Issue summary: View changes
fietserwin’s picture

Version: 7.x-1.4 » 7.x-1.x-dev
Status: Needs review » Fixed

There was already a todo above that line of code, but i would not have thought this to cause an additional query.

In fact I removed the line altogether as it din't work, couldn't work (even if correctly spelled, it would try to include image_overlay.inc.inc) and so was apparently superfluous in the first place.

Fixed and committed. Thanks for reporting.

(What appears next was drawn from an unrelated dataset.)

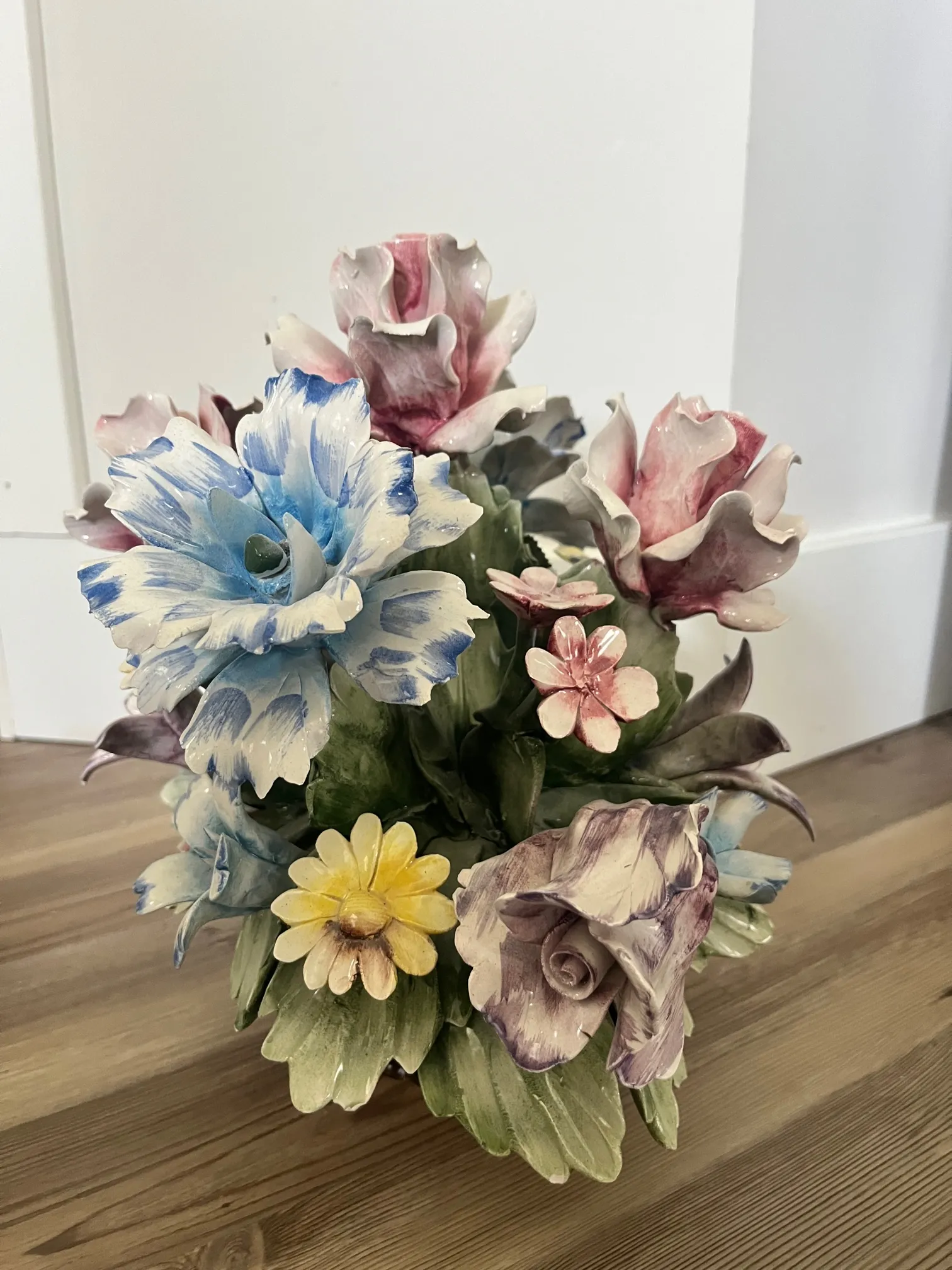 capodimonte-basket-of-flowers-2228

Status: Fixed » Closed (fixed)

Automatically closed - issue fixed for 2 weeks with no activity.

jeroen.b’s picture

Be ware: in the current Drupal version, this causes even more problems. Drupal does a recursive file_scan_directory now to find the module (I think since 7.33/7.34) when you do something like this. The change that caused this:

@@ -852,7 +861,7 @@ function drupal_get_filename($type, $name, $filename = NULL) {
try {
  if (function_exists('db_query')) {
    $file = db_query("SELECT filename FROM {system} WHERE name = :name AND type = :type", array(':name' => $name, ':type' => $type))->fetchField();
-   if (file_exists(DRUPAL_ROOT . '/' . $file)) {
+   if ($file !== FALSE && file_exists(DRUPAL_ROOT . '/' . $file)) {
        $files[$type][$name] = $file;
      }
}

In bootstrap.inc

gausarts’s picture

Status: Closed (fixed) » Active

Be ware: in the current Drupal version, this causes even more problems.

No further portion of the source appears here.